Diageo is believed to be planning a disposal of its Cinzano spirit brand as part of its move to focus on key products.
It is trying to reverse a downward trend for sales in the UK after revealing that volumes had fallen in British pubs for Smirnoff vodka, Bell's whisky and Gordon's gin.
Diageo's Guinness GB business is about to hand over brewing of Harp Irish Lager to Wolverhampton & Dudley Breweries (W&DB), who will brew it from May 1, to focus on its stout brand.
The licence from Scottish Courage to brew Kronenbourg 1664 will also pass to W&DB from May 1 for the remaining two years of the contract.

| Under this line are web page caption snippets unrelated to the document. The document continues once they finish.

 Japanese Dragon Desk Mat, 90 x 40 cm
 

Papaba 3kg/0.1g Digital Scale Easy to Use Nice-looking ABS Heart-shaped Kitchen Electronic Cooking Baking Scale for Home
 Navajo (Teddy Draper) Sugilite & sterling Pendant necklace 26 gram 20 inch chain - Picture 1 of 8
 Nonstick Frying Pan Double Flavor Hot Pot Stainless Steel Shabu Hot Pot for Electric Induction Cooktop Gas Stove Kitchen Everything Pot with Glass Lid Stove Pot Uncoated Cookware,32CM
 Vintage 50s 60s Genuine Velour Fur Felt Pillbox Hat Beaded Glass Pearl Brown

Guinness has provided Diageo with its biggest growth, boosted by the launch of the successful Extra Cold Guinness.
In Britain, Guinness volume grew three per cent in the on-trade and market share improved to 5.3 per cent.

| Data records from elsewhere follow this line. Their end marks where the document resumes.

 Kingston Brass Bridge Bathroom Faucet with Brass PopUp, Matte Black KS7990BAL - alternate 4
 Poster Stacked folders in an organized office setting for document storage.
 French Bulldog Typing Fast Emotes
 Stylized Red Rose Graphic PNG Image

UDV chief executive Jack Keenan said the spirits business would be turned around through focusing on key brands.
"We have to get the fresh air in and get this very traditional business growing faster than before," he said.

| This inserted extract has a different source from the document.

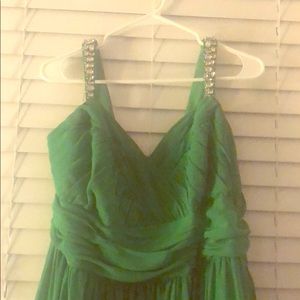 Beautiful heart shaped neckline full length gown.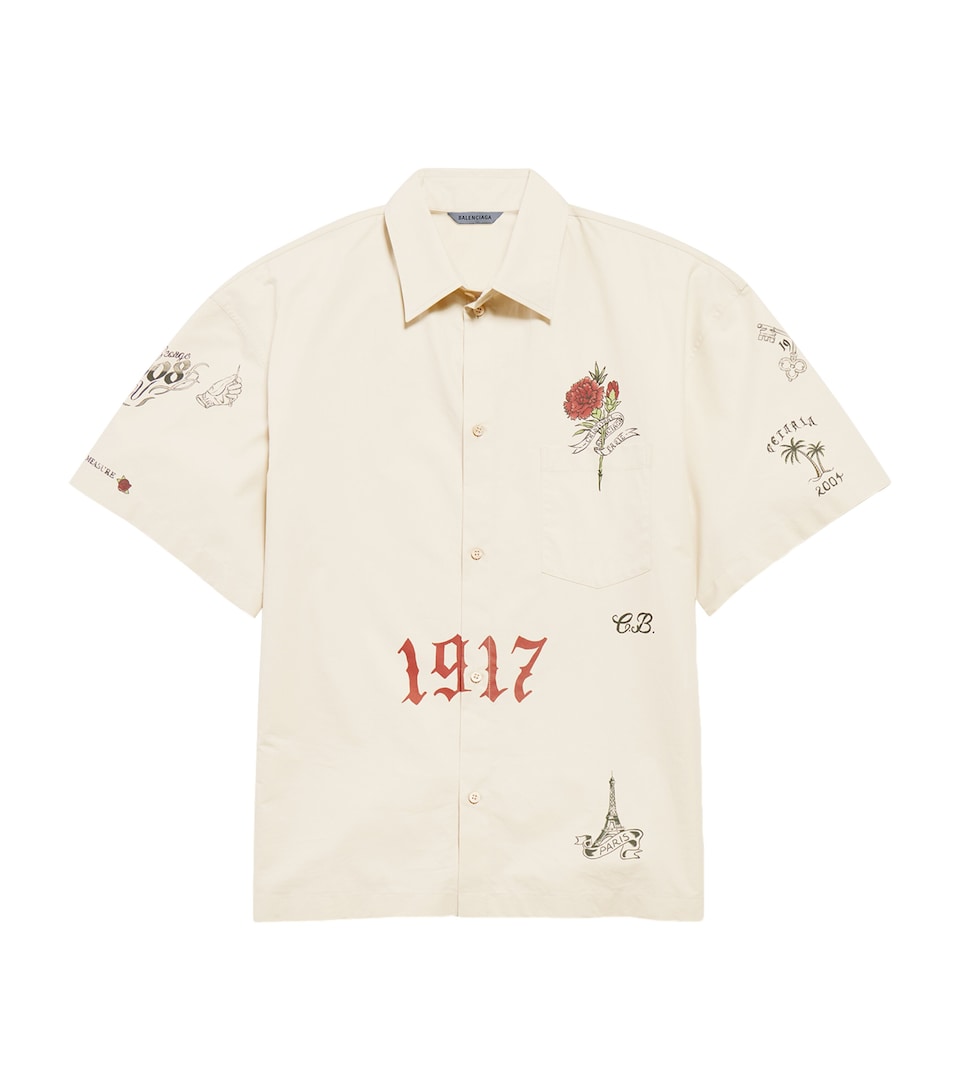 Balenciaga Mens cotton Tattoo Short-Sleeve Shirt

Sales of Smirnoff were down six per cent in the last six months of last year, although liqueur Bailey's grew by three per cent.
He said the company had increased the growth rate of Scotch whisky, including its classic single malts range.
But he warned that the first six months of this year would be difficult, predicting further brand disposals.
So far this year it has raised £218m by selling 14 underperforming North American brands, including Canadian whiskies, bourbons and brandies.
It is believed to be considering a sell-off of Cinzano along with continental brandies Metaxa, Asbach and Vecchia Romagna, although it will probably keep the distribution rights.
Diageo chief executive John McGrath said the whole group suffered because of turmoil in Latin America and Asia.
"It pushed us off course but we managed the market very effectively," he said. "It's a rollercoaster and we have accepted that."
Turnover for the six months to the end of December fell by 6.7 per cent to £6.27bn and operating profit was flat at £900m. Because of cost savings, the merged group still managed to push pre-tax profits up by 36 per cent to £972m.